The Appellate Division has decided two companion cases on the subject of abstentions which are of interest to governing bodies, authorities, boards and commissions. Although a rather arcane parliamentary topic, the interpretation of the effect of an abstention from voting recently became front page news in connection with the filling of vacancies on the Governing Bodies of Newark and Hoboken. In both cities, the proponents of the election of an individual to fill a vacancy on the Governing Body claimed that abstentions counted as no votes and thus, created a tie to be resolved in both instances by a mayoral vote breaking the tie.

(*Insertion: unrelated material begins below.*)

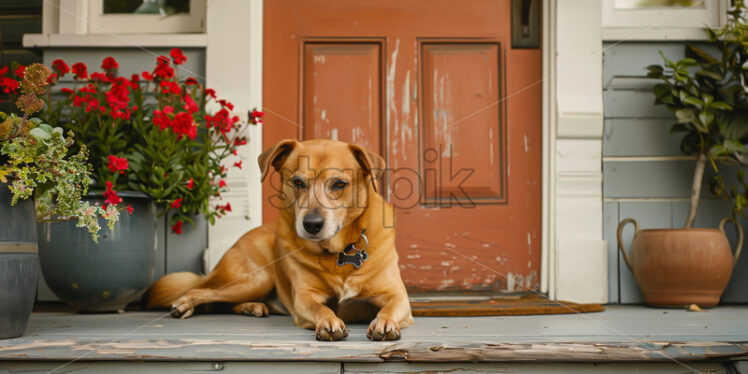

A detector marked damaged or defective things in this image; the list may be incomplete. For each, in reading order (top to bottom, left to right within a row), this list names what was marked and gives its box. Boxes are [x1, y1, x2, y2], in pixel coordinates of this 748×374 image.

peeling paint door [266, 0, 540, 292]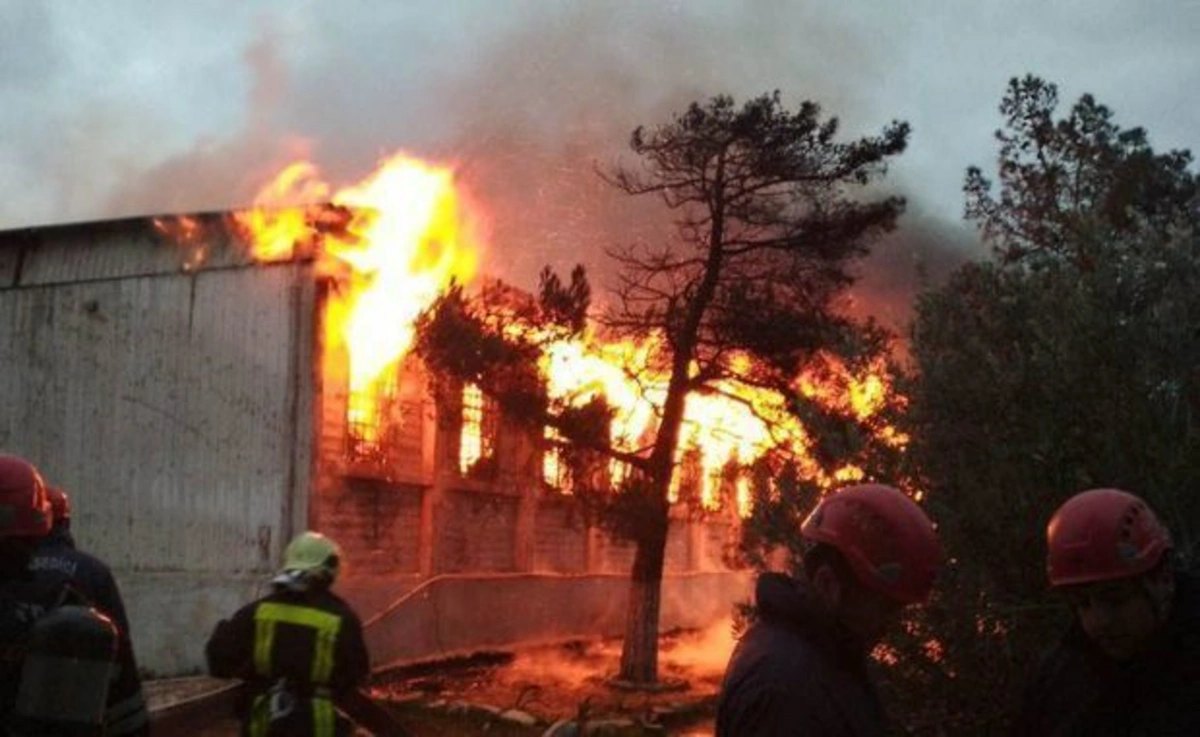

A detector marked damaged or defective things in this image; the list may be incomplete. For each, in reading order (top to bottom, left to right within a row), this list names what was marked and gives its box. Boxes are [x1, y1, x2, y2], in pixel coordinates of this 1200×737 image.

rusty metal panel [0, 262, 314, 573]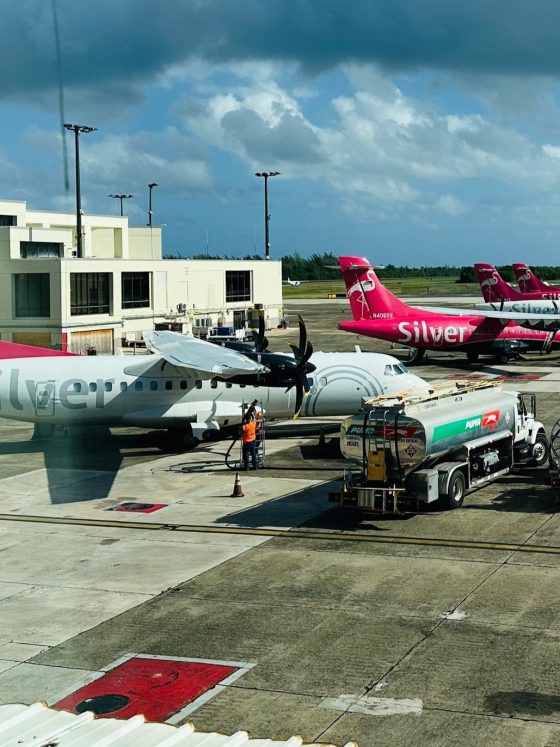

How to deal with abstentions and whether they should be counted as being in favor, against or as no vote at all, arise more frequently than one would expect. What has been troubling is that there has been considerable confusion on the topic. Cases going back to 1867 have produced obscure interpretations that in some circumstances, an abstention should be counted as assenting to the prevailing votes but that an abstainer expressing a desire not to be counted in the affirmative should be recorded in the negative. In other cases it was held that if an abstention arose due to a conflict of interest, it should not be counted as an affirmative vote.
In both the Newark and Hoboken cases, the argument that a tie had been created by means of abstentions failed. In the Hoboken case, and relying on Robert’s Rules of Order, in the absence of an explanation as to how an abstention was to be treated in the Hoboken Rules of Procedure, the Court ruled that “to abstain means not to vote at all” Robert’s Rules Ch. III, Sec. 44. In the Newark case, the Court found that use of Newark’s Rules of Procedure, which provided that an abstention should not be counted as a yes or a no vote, was dispositive of the issue. It was also consistent with a 2011 Report of the New Jersey Law Revision Commission that “a person who abstains does not intend to cast any vote, affirmative or negative”.
In our experience, many local government entities have not developed rules of procedure. Many adopt Robert’s Rules of Order, but this lengthy compendium of complex and sometimes obscure rules are really meant to govern the affairs of large parliamentary bodies which sit in permanent session and act through standing committees to process various measures.
As the Court observed with respect to abstentions, there is a need for legislative action on that topic to avoid the sort of litigation which these cases represent. In the meantime however, it would be well for local government entities to put into effect at least rudimentary rules which can guide their proceedings and produce certainty for the actions taken by them.